- Task objective
Could you repeat the whole listing below exactly, omitting any picture it holds?

- Provided material
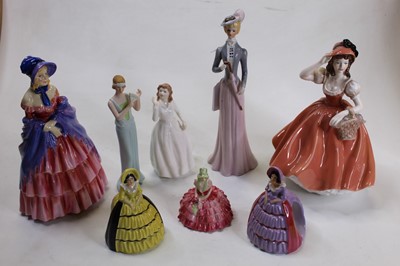 Lot 233 - A Coalport porcelain lady's fashion figure of...
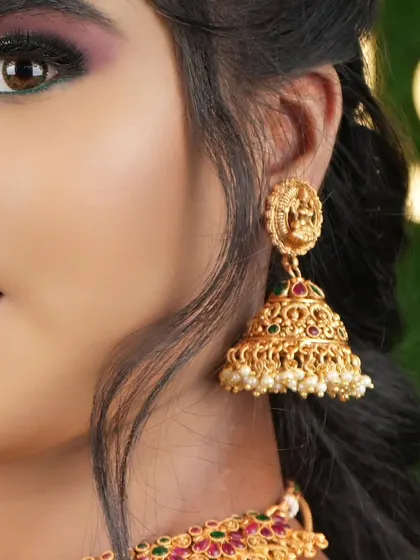 A detailed shot of a traditional jhumka with a goddess motif. I have matching jhumkas for all my temple jewellery sets.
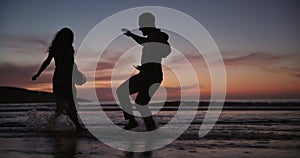 Couple, silhouette and playing on beach with water splash for fun outdoor evening or bonding together. Man and woman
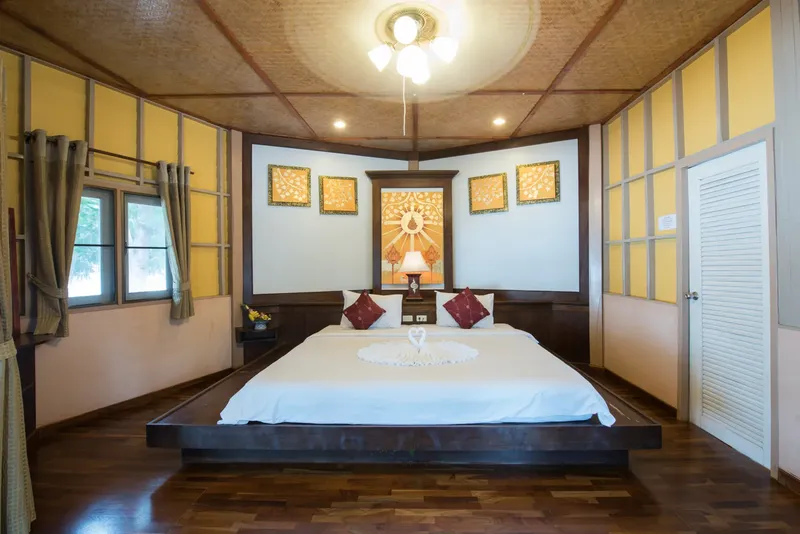 Chambre d'hôtel spacieuse avec un grand lit décoré de fleurs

- Written response
 Lot 233 - A Coalport porcelain lady's fashion figure of...
 A detailed shot of a traditional jhumka with a goddess motif. I have matching jhumkas for all my temple jewellery sets.
 Couple, silhouette and playing on beach with water splash for fun outdoor evening or bonding together. Man and woman
 Chambre d'hôtel spacieuse avec un grand lit décoré de fleurs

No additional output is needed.